Dom Leme foi o grande articulador da reaproximação entre a Igreja e o Estado e da recuperação da influência católica junto à sociedade civil. Em todas as suas atuações nesse sentido, sempre contou com a contribuição dos liguistas, como na escolta da imagem de Nossa Senhora Aparecida durante seu traslado até o Rio de Janeiro, capital federal, em 31 de maio de 1931, quando foi coroada Rainha do Brasil após ser proclamada padroeira principal da nação, e na ocasião da inauguração ao monumento do Cristo Redentor, no Corcovado, em 12 de outubro do mesmo ano.
Sob essas duas lideranças, o Brasil se tornou o maior país Liguista do mundo, superando inclusive a Bélgica onde a associação surgiu.
Devido a esse grande crescimento, tornou-se necessário o estabelecimento no Brasil de uma Sede Primária para a Liga Católica, como a existente em Liège, onde foi fundada, a fim de agregar todas as unidades da associação no país. A Liga Católica da Igreja de Santo Afonso, no bairro carioca da Tijuca, por ser a mais expressiva em número de membros e, à época, estar situada na capital do país, recebeu, através da concessão de Breve Apostólico, datado de 14 de novembro de 1922, o status de Liga Primária, com a faculdade exclusiva de agregar todas as unidades no Brasil.

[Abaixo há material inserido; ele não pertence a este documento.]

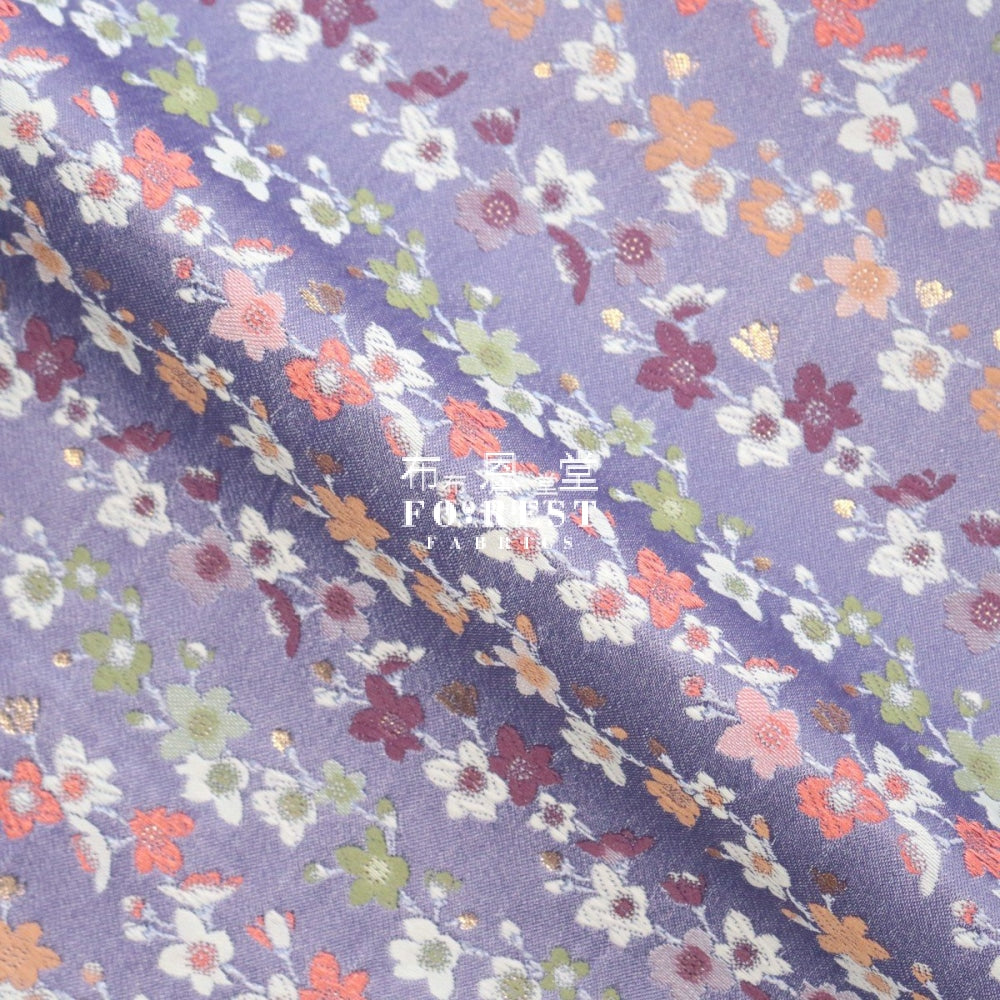 Gold Brocade - Vine Flower Fabric Purple Polyester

A Liga Católica se reinventa

Com as transformações ocorridas na Igreja Católica a partir do Concílio Vaticano II, na década de 1960, a Liga Católica passou por reestruturações, a fim de melhor dialogar com o mundo e atingir seu maior objetivo: a vida familiar.
Nesse sentido, não havia mais motivações para a admissão exclusivamente masculina de membros. Sob a direção espiritual do Padre Mário Ferreira, C.Ss.R., a Liga Católica foi aberta a participação feminina, tornando-se, assim, uma associação católica voltada para toda a família.
Atualmente as diversas unidades da Liga Católica encontram-se agrupadas em níveis diocesanos ou arquidiocesanos nas chamadas federações, sendo a unidade de nossa Paróquia a sede da Federação que abarca as unidades dos territórios da Arquidiocese de Juiz de Fora e da Diocese de Valença, localizada no Estado do Rio de Janeiro. Todas as 23 federações encontram-se, por sua vez, agrupadas em torno da Confederação das Ligas Católicas Jesus, Maria, José, situada na cidade de Campos dos Goitacazes, no norte fluminense. A direção espiritual nacional da Liga Católica fica sempre à cargo de um padre redentorista da Província do Rio, Minas e Espírito Santo, sendo o atual diretor, nosso recente ex-Pároco, Padre Edson Alves da Costa. Ele destaca a atualidade do lema “Ora et Labora” (orar e trabalhar), hoje não só tarefa dos homens, mas de toda a família, em busca de sua santificação.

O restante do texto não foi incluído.